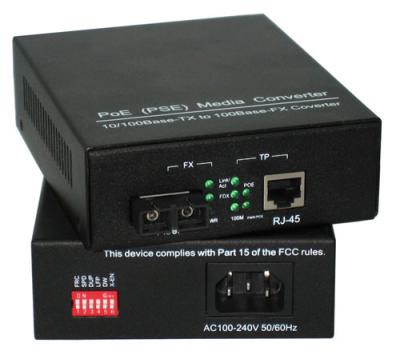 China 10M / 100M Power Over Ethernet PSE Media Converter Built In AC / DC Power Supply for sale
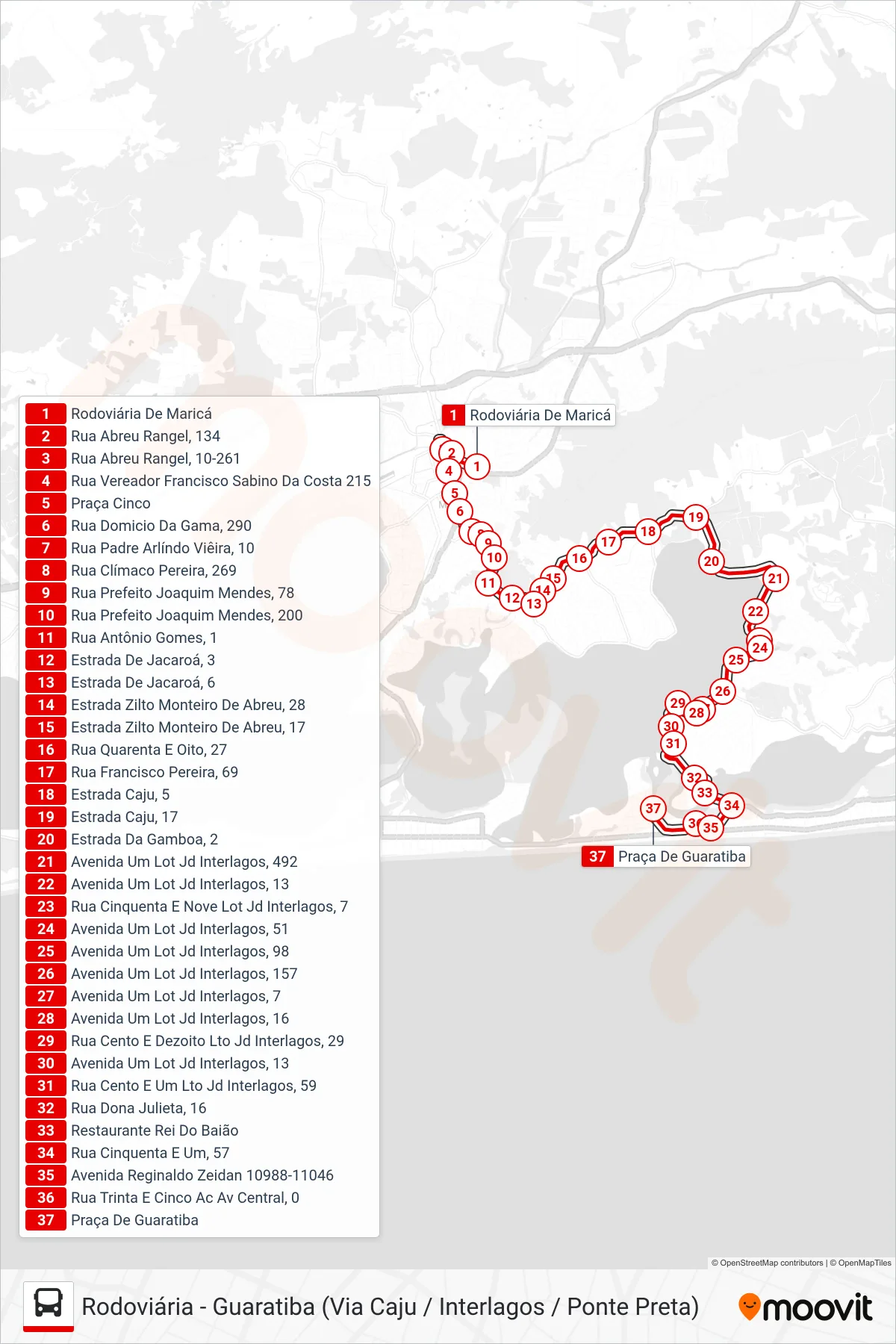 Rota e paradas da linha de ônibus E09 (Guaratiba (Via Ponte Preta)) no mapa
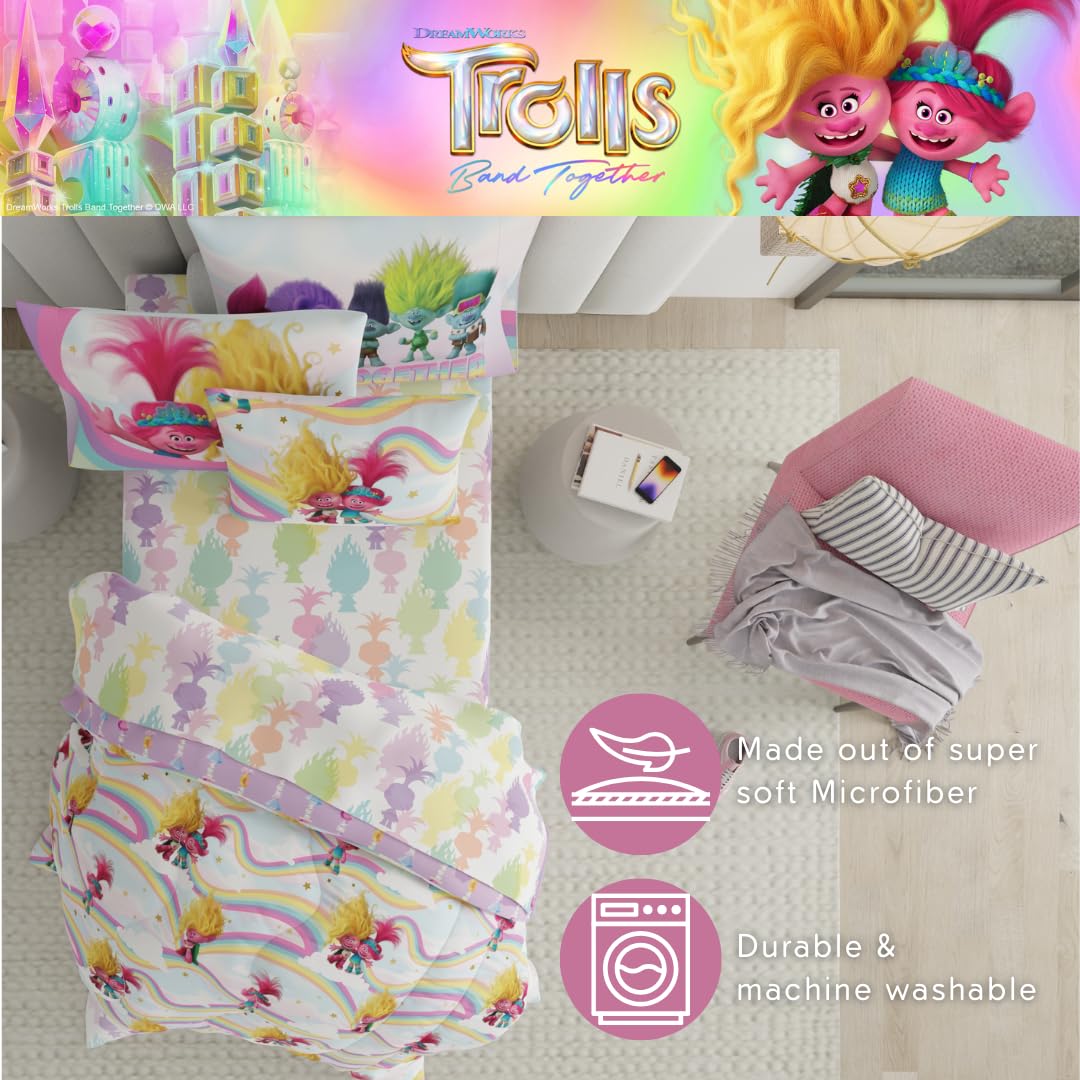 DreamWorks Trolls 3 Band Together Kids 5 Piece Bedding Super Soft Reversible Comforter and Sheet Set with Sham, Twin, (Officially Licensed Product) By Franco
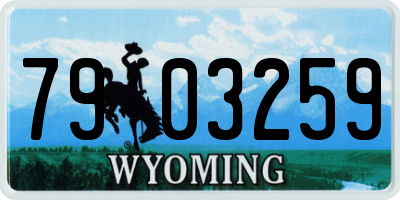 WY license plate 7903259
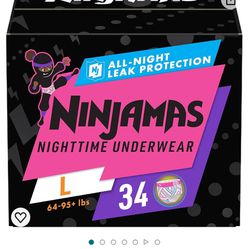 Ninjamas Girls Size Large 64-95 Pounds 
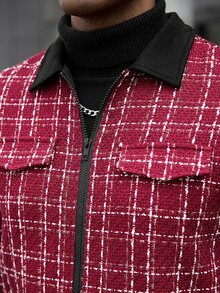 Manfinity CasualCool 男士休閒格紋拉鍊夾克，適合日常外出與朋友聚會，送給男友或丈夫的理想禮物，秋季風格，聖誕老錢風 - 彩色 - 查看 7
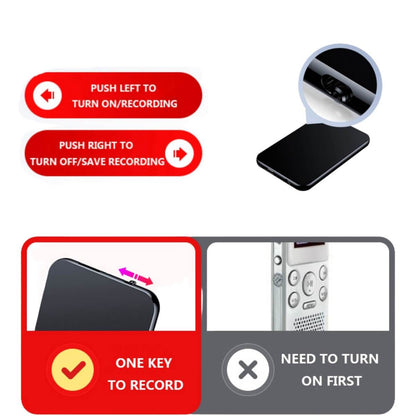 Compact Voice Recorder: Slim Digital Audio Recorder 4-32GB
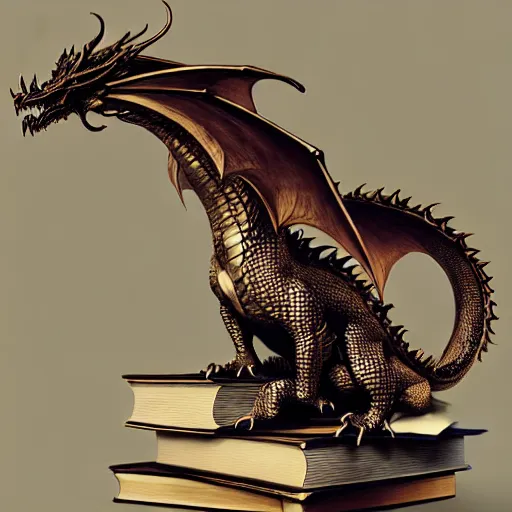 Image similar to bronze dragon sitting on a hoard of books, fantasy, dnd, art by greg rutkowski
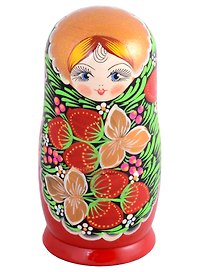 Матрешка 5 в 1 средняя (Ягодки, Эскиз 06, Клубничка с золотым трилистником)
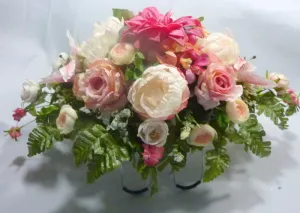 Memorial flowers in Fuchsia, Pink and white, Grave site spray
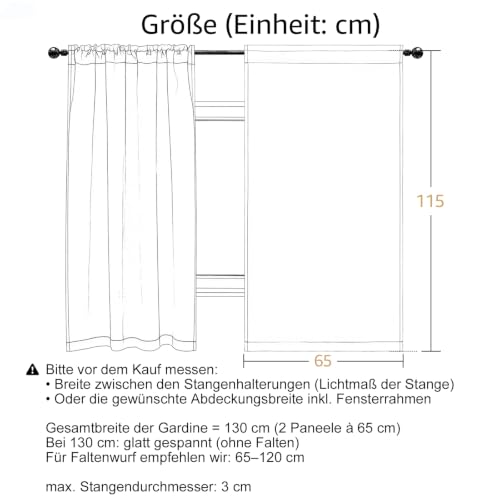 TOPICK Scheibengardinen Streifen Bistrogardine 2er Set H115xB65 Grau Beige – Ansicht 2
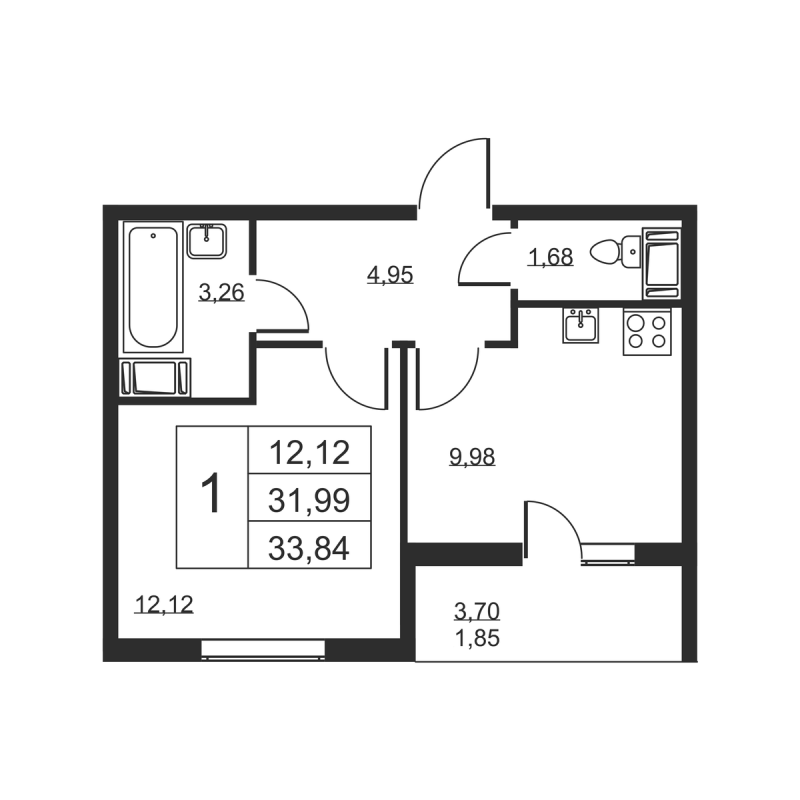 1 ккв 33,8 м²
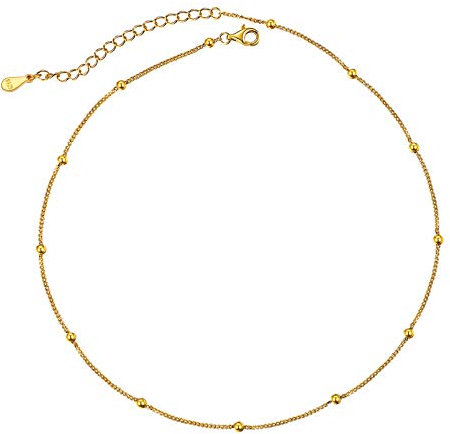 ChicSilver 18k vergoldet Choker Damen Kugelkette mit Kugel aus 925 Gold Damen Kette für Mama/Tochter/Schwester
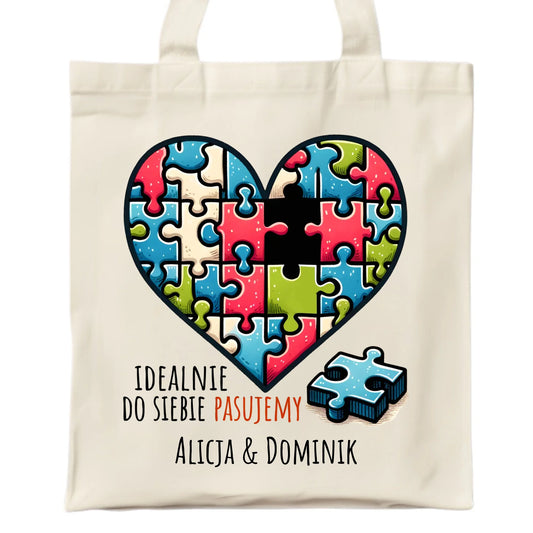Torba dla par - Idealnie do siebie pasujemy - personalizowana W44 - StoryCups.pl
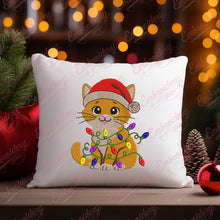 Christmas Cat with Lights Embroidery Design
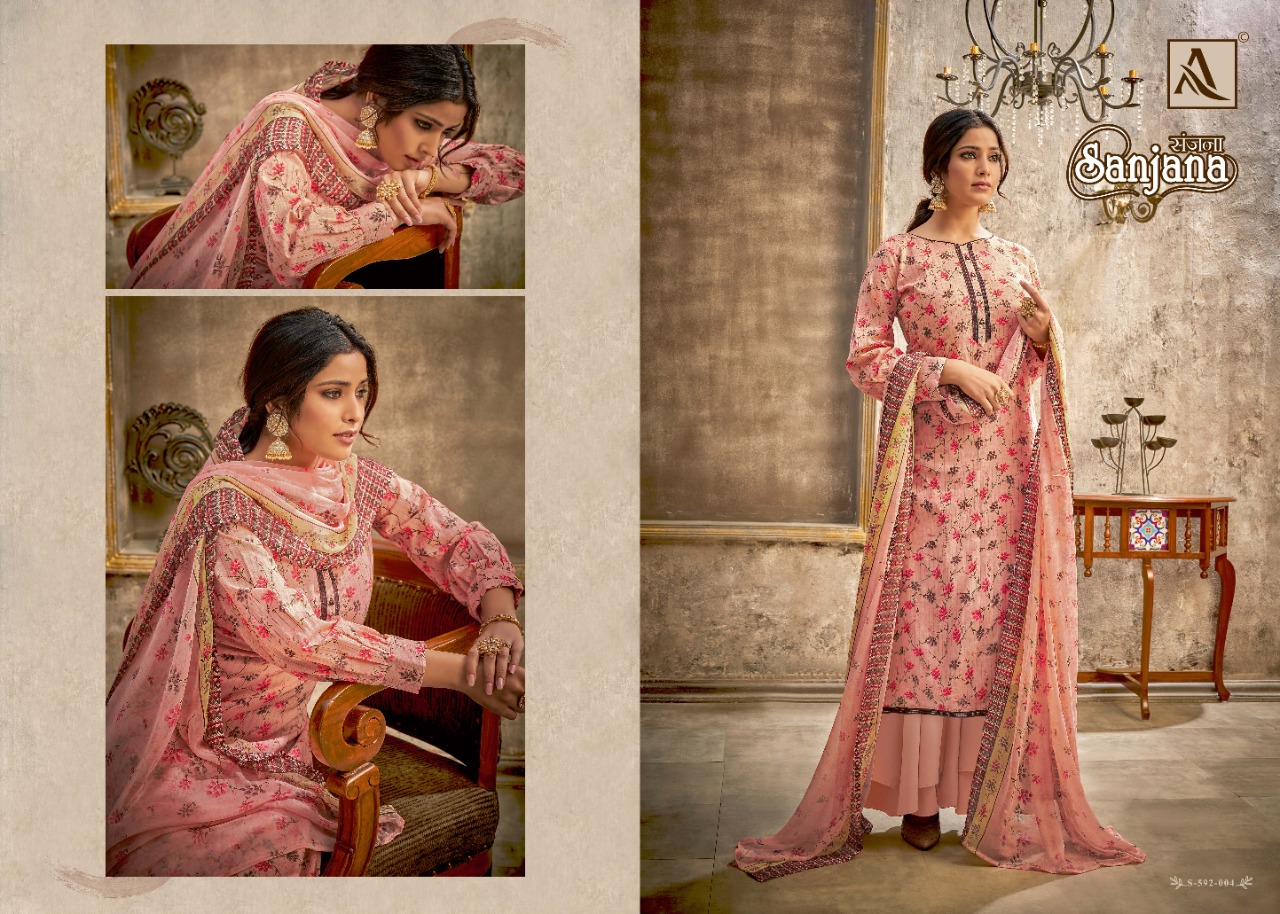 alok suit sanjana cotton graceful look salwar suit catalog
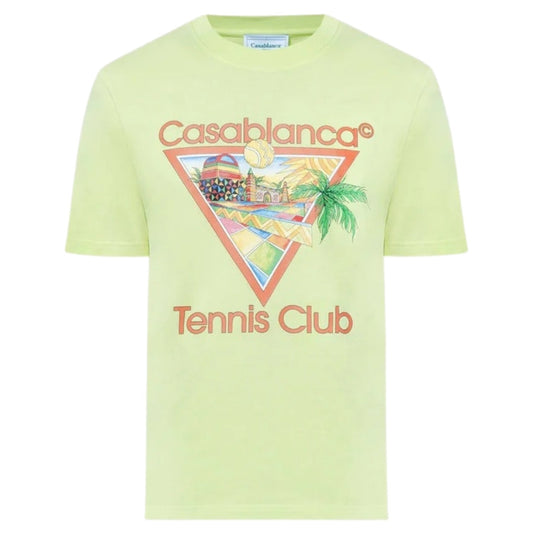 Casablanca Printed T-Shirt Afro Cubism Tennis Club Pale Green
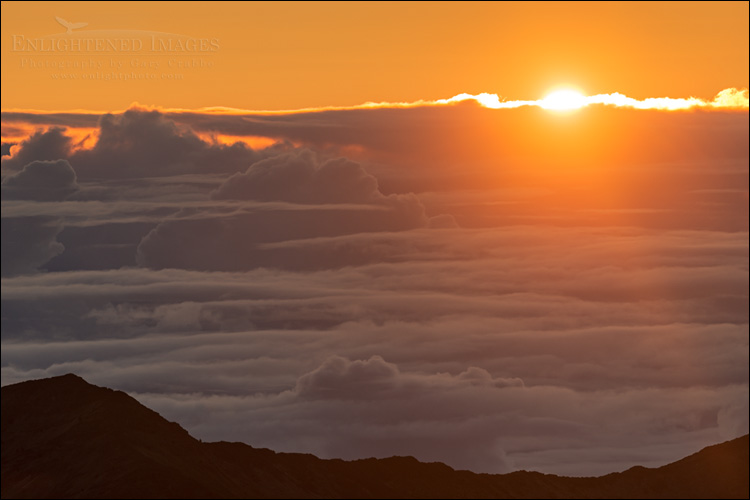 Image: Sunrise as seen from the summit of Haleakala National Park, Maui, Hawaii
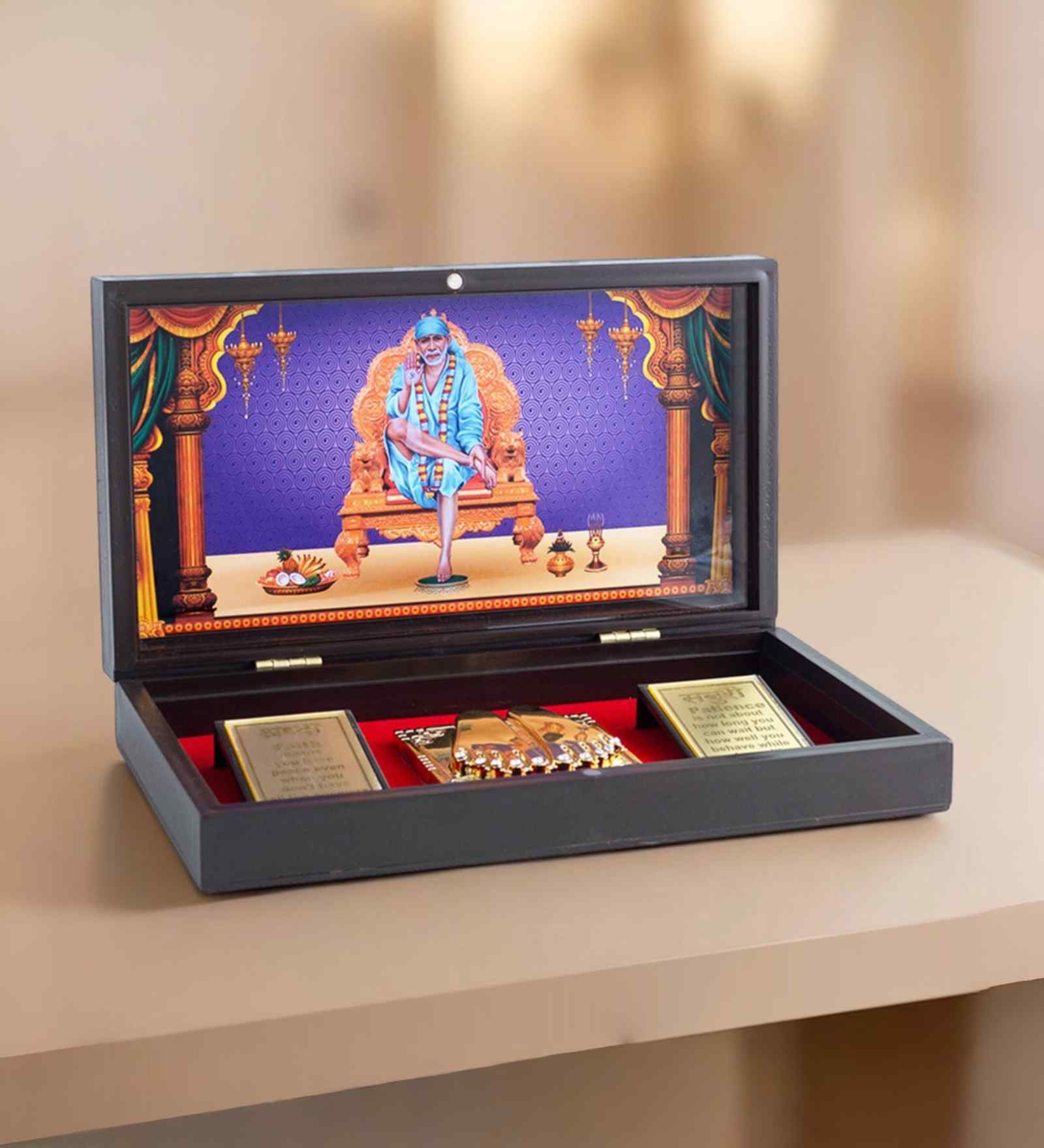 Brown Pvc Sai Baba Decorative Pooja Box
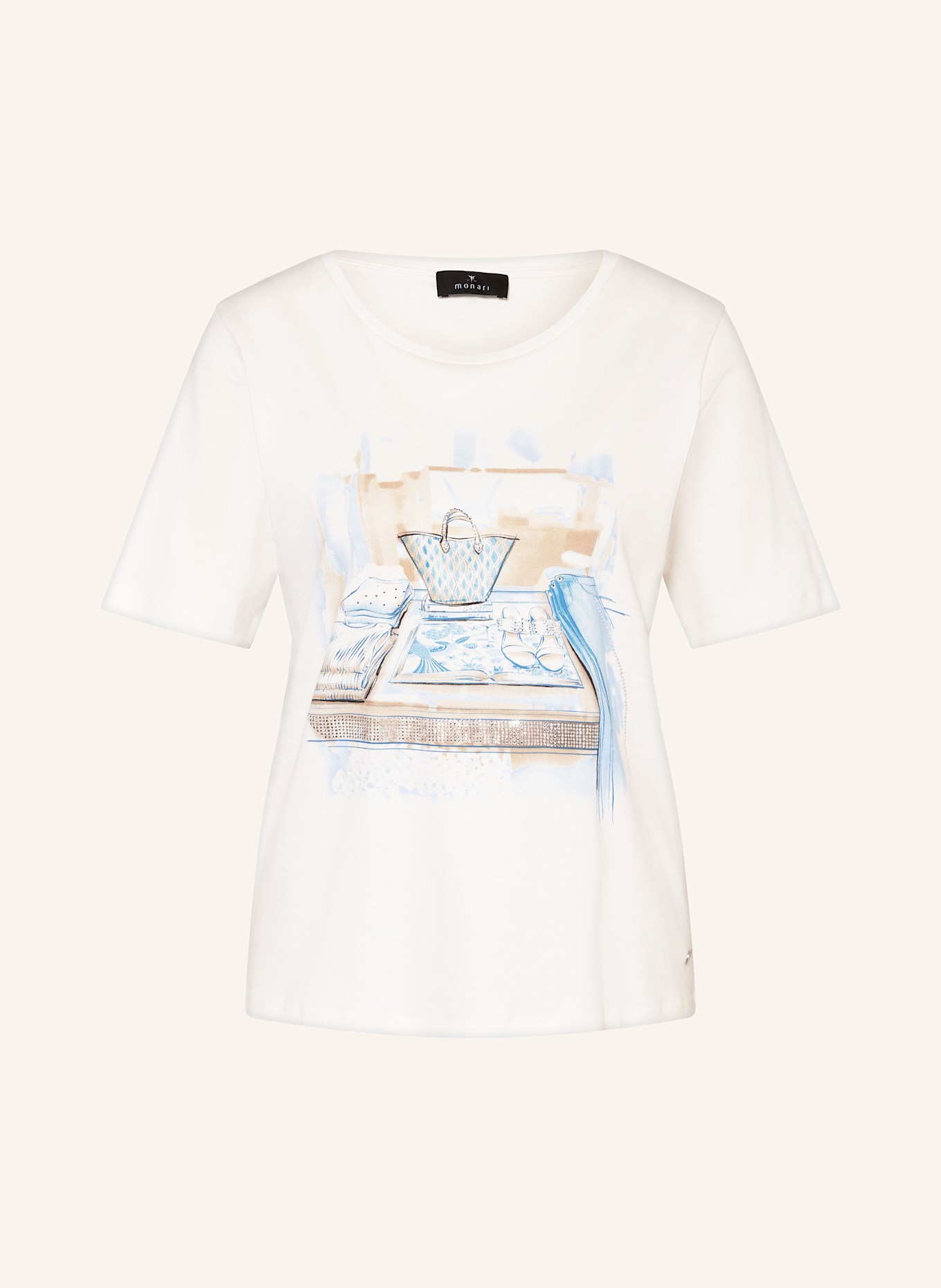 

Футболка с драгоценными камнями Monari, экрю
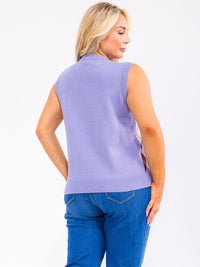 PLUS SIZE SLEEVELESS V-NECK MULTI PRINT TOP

────────────────

• _Exercise directions_:
Retype the listing verbatim, minus every image.

• _Finished task_:
 China 10M / 100M Power Over Ethernet PSE Media Converter Built In AC / DC Power Supply for sale
 Rota e paradas da linha de ônibus E09 (Guaratiba (Via Ponte Preta)) no mapa
 DreamWorks Trolls 3 Band Together Kids 5 Piece Bedding Super Soft Reversible Comforter and Sheet Set with Sham, Twin, (Officially Licensed Product) By Franco
 WY license plate 7903259
 Ninjamas Girls Size Large 64-95 Pounds 
 Manfinity CasualCool 男士休閒格紋拉鍊夾克，適合日常外出與朋友聚會，送給男友或丈夫的理想禮物，秋季風格，聖誕老錢風 - 彩色 - 查看 7
 Compact Voice Recorder: Slim Digital Audio Recorder 4-32GB
 Image similar to bronze dragon sitting on a hoard of books, fantasy, dnd, art by greg rutkowski
 Матрешка 5 в 1 средняя (Ягодки, Эскиз 06, Клубничка с золотым трилистником)
 Memorial flowers in Fuchsia, Pink and white, Grave site spray
 TOPICK Scheibengardinen Streifen Bistrogardine 2er Set H115xB65 Grau Beige – Ansicht 2
 1 ккв 33,8 м²
 ChicSilver 18k vergoldet Choker Damen Kugelkette mit Kugel aus 925 Gold Damen Kette für Mama/Tochter/Schwester
Torba dla par - Idealnie do siebie pasujemy - personalizowana W44 - StoryCups.pl
 Christmas Cat with Lights Embroidery Design
 alok suit sanjana cotton graceful look salwar suit catalog
 Casablanca Printed T-Shirt Afro Cubism Tennis Club Pale Green
 Image: Sunrise as seen from the summit of Haleakala National Park, Maui, Hawaii
 Brown Pvc Sai Baba Decorative Pooja Box

Футболка с драгоценными камнями Monari, экрю
 PLUS SIZE SLEEVELESS V-NECK MULTI PRINT TOP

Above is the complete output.